Dès les premières pages de La Route, le dernier livre de Cormac McCarthy (Prix Pulitzer 2007), on se lie viscéralement à ces personnages principaux sans noms ni identité précise (ce sont « l’homme » et « le petit ») dont on ne sait s’ils poursuivent une quête (d’un climat plus clément, de nourriture, d’autres survivants…) ou s’ils fuient seulement une sourde menace qui planera insidieusement durant tout le livre, maintenant le suspense et les nerfs à vif.
McCarthy alterne ainsi des moments de terreur pure, d’angoisse suffocante, où couchés dans le noir, les protagonistes guettent une forme étrangère, des bruits de pas dans les feuilles, des voix cannibales, avec des moments d’émotion intense où l’amour d’un père et de son fils s’affirme au détour d’un dialogue volontairement épuré, réduit à l’essentiel.

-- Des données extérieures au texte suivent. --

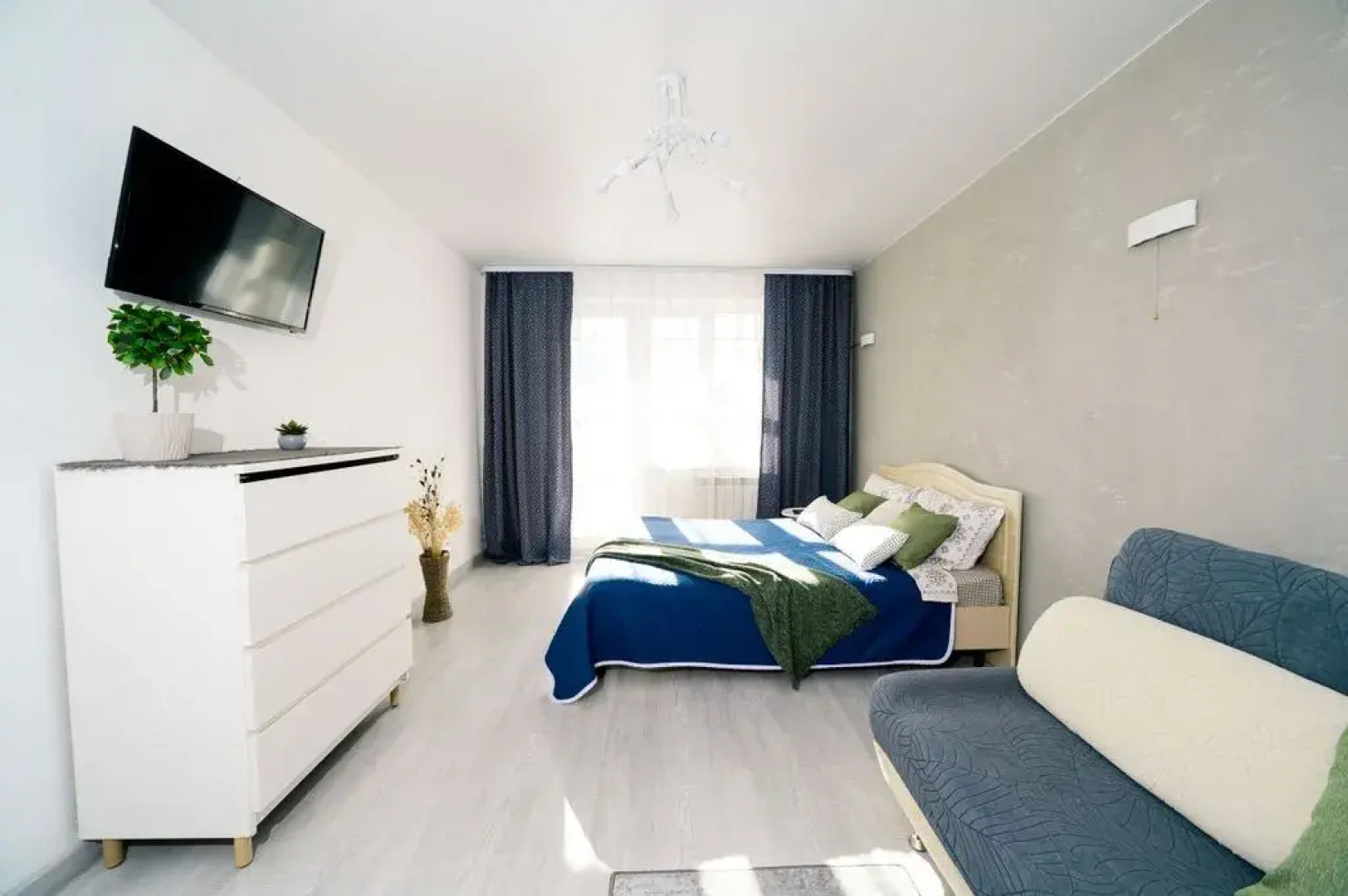 Квартира на улице Добролюбова 1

Il excelle également à tisser la trame de son récit dans les descriptions de ce paysage apocalyptique avec une économie de mots remarquable. Car la nature est ici très présente, à la fois menace permanente (neige, froid, vent, pluie) et abri protecteur (des bois, un aplomb rocheux, une prairie d’herbes mortes), une nature finalement réduite à la plus simple expression de ses éléments de base, la terre, le feu, l’eau…
C’est donc dans ce monde charbonneux où les aubes sont blafardes, les rivières grises, tous les arbres morts, les villes ravagées et où « les méchants mangent les gens » comme le dit l’enfant, que subsiste malgré tout une dernière trace d’humanité à travers cette affection immense d’un père pour son fils et ses efforts désespérés pour sauvegarder chez son enfant l’envie de vivre avec dignité dans un monde qui semble pourtant sans lendemain. Même si la tentation reste omniprésente d’en finir une bonne fois pour toute avec cette vie qui n’en est plus une en retournant vers soi les deux dernières balles de leur revolver…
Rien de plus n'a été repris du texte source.